The value of an object generator is the object generated as the result of its evaluation. See 4.7.

A local object "**this** C" is valid provided that the expression is used within

- the class body of C or that of any subclass of C, or
- a connection block whose block qualification is C or a subclass of C (see 4.8).

The value of a local object in a given context is the object which is, or is connected by, the smallest textually enclosing block instance in which the local object is valid. If there is no such block the local object is illegal (in the given context). For an instance of a procedure or a class body, "textually enclosing" means containing its declaration.

Let X represent any simple reference expression, and let C and D be class
identifiers such that D is the qualification of X. The qualified object
"X **qua** C" is then a legal object expression, provided that C is outer to or
equal to D or is a subclass of D. Otherwise, since C and D belong to disjoint
prefix sequences, the expression is illegal.

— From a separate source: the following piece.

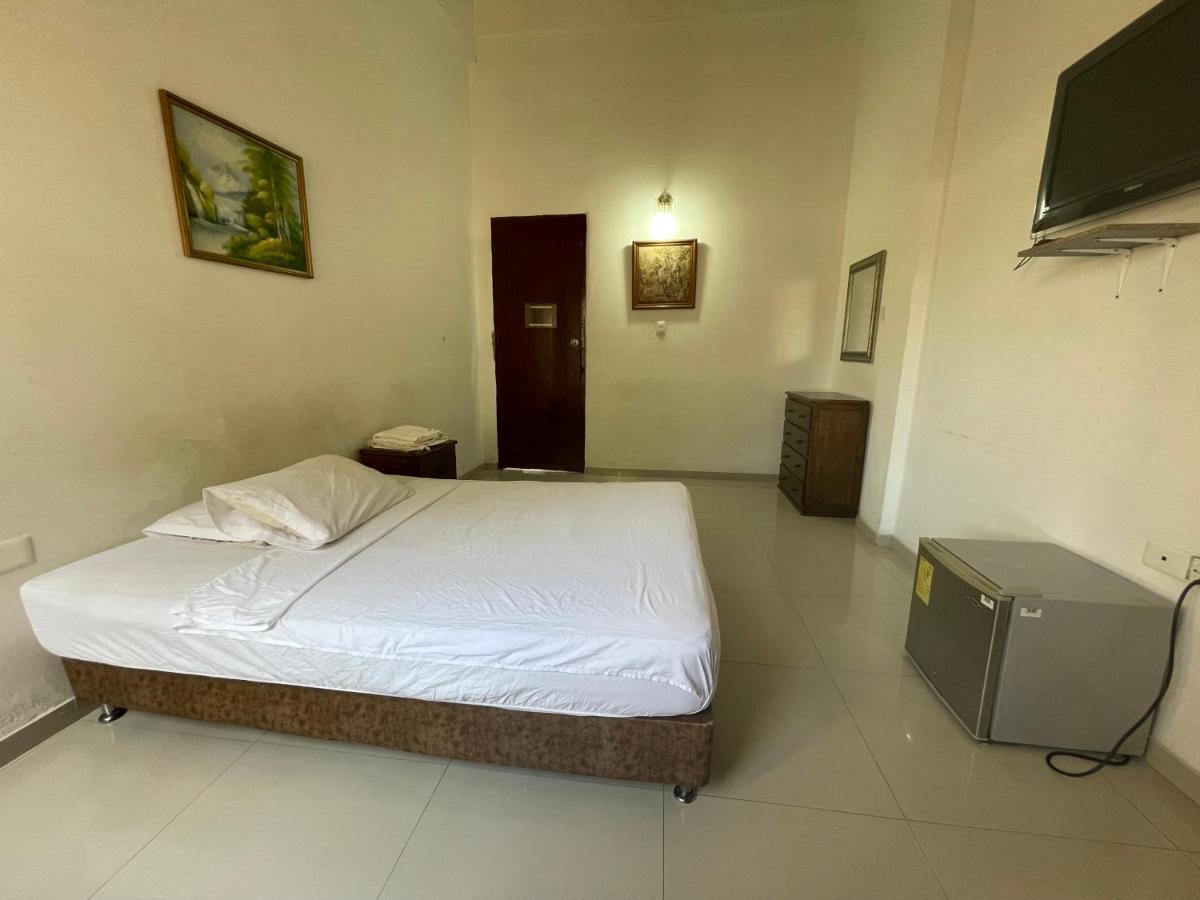Hotel Miami Sm 3*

If the value of X is **none** or is an object belonging to a class outer to C,
the evaluation of X **qua** C constitutes a run-time error. Otherwise, the value
of X **qua** C is that of X. Instantaneous qualification restricts or extends the
visibility of attributes of a concatenated class object accessible through
inspection or remote accessing (cf. 3.1.5 and 4.8).

designational-expression = simple-designational-expression | if-clause simple-designational-expressionelsedesignational-expression simple-designational-expression = label | switch-designator | "(" designational-expression ")" switch-designator = switch-identifier "(" subscript-expression ")" switch-identifier = identifier label = identifier

A designational expression is a rule for obtaining a reference to a program point. The principle of the evaluation is entirely analogous to that of arithmetic expressions. In the general case the Boolean expressions of the if-clauses select a simple designational expression. If this is a label the desired result is already found. A switch designator refers to the corresponding switch declaration and by the actual numerical value of its subscript expression selects one of the designational expressions listed in the switch declaration by counting these from left to right. Since the expression thus selected may again be a switch designator this evaluation is obviously a recursive process.

The evaluation of the subscript expression is analogous to that of subscripted variables. The value of a switch designator is defined only if the subscript expression assumes one of the values 1, 2, ... , n, where n is the number of entries in the switch list. A value outside this range causes a run time error.

**Note**: It is a consequence of the syntax that class attributes which are
labels or switches cannot be accessed by the dot notation.